If I am convinced that I will procure the profoundest idea only by undergoing the profoundest pain, I shall beg for strength to endure that pain.
Ego is vital but not noble.
Life is too meaningful to die.
It is profoundly tragic that I am a slave, but it is profoundly joyous that I am God's slave, not that of a devil.
In the midst of excitement, grief, joy, and solitude, I remind myself every moment that the sole mission of my life is to find 'the ultimate questioner' - that unimaginable who has put me in this madness to answer an unanswerable question.
Professionalism is nothing but a crude insistance on the mechanization of mankind.
History is an orphan. It can speak, but cannot hear. It can give, but cannot take. Its wounds and tragedies can be read and known, but cannot be avoided or cured.
The stem of greatness sprouts from the seed of sacrifice.
I am convinced that an electronic machine, no matter how smart and intelligent, being still a mere spatial structure in concept, can neither innovate nor even understand the self-evident proposition: 'No spatial structure can be a representation of any feeling'. Such innovation can only be a work of a non-spatial mind, like a human being, and only such innovation, it should be acknowledged, can pave the way for further scientific achievements.
I have far more reasons to rather disbelieve that a man besides me suffers when he cries, yet I have far more sentiments, than those great reasons, to instead weep for his, far less likely, sufferings.
The universe is a gigantic non-spatial computer.
One of the great intellectual mistakes Einstein made is that he thought that space and time are physically or ontologically entangled. In the present non-spatial universal computational program, space and time happen to be entangled to the extent that, under certain unique circumstances, changes in spatial measurements indicate changes in temporal ones. However, a change in the program itself may cause space and time to disentangle.

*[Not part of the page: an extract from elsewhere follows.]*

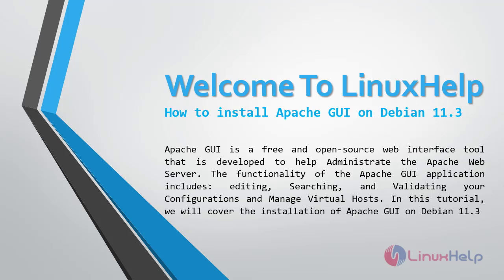Welcome to Linux Help. Today we are going to see how to install Apache GUI on Debian 11.3. Apache GUI is a free and open source web interface tool that is developed to help administrate the Apache web server. The functionality of the Apache GUI application includes editing, searching and validating your configurations and manage virtual hosts. In this tutorial, we will cover the installation of Apache GUI on Debian 11.3.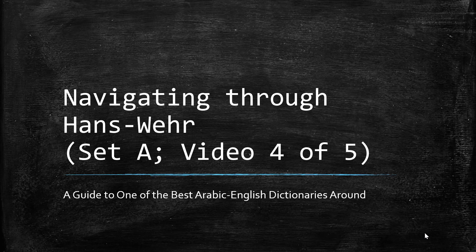Meem, regardless of whether it has a fatha, a dhamma, or a kesra, but that it will usually be at the beginning of a word. And the ta, whether it's the ta al-maftuha, the open ta, or the ta marbuta, which is the closed ta, which usually comes, or which does come, at the end of a word.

The word philosophy, as distinguished from science, is misleading, for it implies that what philosophy contains is impossible to be a systematic body of knowledge and what science contains is certain or proved.

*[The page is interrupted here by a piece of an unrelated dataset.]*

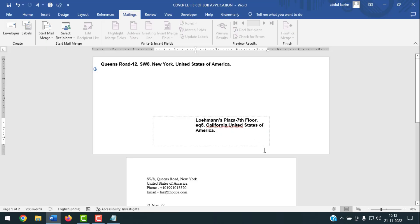That's how you can use the Envelopes option in MS Word. If you face any problem, feel free to ask me in the comment box and I'll try to answer as soon as possible.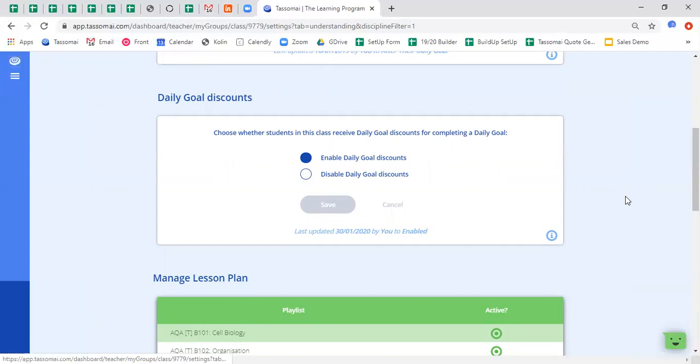So by using the discount system, students are rewarded for spreading out their learning over time rather than just cramming it before school the next day. So this is a good discount system to keep enabled for perhaps lower ability students that might need a bit more buy-in from TASAMI by being immediately rewarded, but again you can choose whether or not to enable or disable it at any point.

I - a philosopher - live in the cage of flesh and blood.
The meaning of life is 'the ultimate questioner's vanity.'
He is man whose heart is spirited and eyes are wet each moment on account of the sorrow, compassion, virtue, beauty, and nobility that decorate this world.

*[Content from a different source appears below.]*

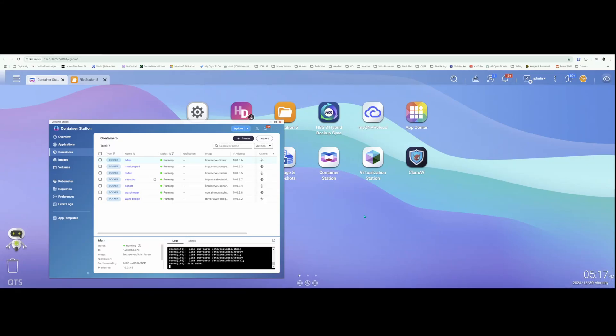What's up guys? Today I want to show you how to install AdGuard Home on your QNAP NAS via Docker and using Container Station.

God is the true realistic point where human reason mostly, if not completely, breaks down.
If God were to exist for the entire humanity, he would be profoundly vile, as he allows the existence of unfathomable sin, stupidity, madness, and misery for no reason than his own despicable enjoyment. God exists though, not for all humanity, but for a one chosen man - a philosopher - who is bound to answer the greatest philosophical question, the question about the nature of the questioner's existence, which progressively quenches the divine vanity.
The most fundamental law of tragedy is that the moments of greatest happiness are the hardest to attain.
The universe is a philosophical abyss.
The will of man is the will of God.
The best of humanity is philosophy.
The mother of creation is vanity.
Philosopher is becoming God in the process called life.
God is a questioner; Man is a philosopher.